Build the loop, not the dashboard
The deliverable here is not a better report. A report is a photograph, and the equilibrium you’re chasing keeps moving — competitors raise bids, seasons shift intent, your own creative fatigues and bends its curve downward. A snapshot of the optimal allocation is stale before you’ve finished reading it. What you’re building is a loop: measure the marginal return on each channel, move dollars toward the steepest gradient, then re-measure from the new position because the act of moving changed the curves. Step, re-read the slope, step again.
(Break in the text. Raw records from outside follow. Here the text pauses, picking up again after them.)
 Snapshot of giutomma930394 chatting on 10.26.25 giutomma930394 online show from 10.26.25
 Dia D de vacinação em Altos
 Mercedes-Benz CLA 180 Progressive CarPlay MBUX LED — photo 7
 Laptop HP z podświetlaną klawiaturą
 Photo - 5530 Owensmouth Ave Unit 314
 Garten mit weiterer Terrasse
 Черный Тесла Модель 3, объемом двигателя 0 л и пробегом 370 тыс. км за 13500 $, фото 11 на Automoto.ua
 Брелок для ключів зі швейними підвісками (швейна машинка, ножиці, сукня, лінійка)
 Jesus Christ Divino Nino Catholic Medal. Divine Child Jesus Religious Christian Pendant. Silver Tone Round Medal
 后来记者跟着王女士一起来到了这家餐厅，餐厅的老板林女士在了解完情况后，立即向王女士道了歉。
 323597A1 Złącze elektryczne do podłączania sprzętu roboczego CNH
The system is never done — it’s continuously descending a hill that won’t hold still.
For founders and boards: stop asking your GTM lead which channel has the best ROAS. It’s the wrong question and it rewards the wrong instinct. Ask instead where the next dollar earns the most, and whether they can show you the incrementality test behind the answer. If the answer is built on platform-reported averages, you’re funding a guess wearing a lab coat.
For GTM leaders: the unit of analysis is the slope at your current spend, not the channel’s lifetime efficiency. That means building incrementality measurement at whatever fidelity your stage affords, and reallocating until the marginal returns equalize. The team that started this story didn’t lose because Google was a bad channel. They lost because they brought an average to a margin fight — and the hill they were standing on was flatter than the one they walked away from.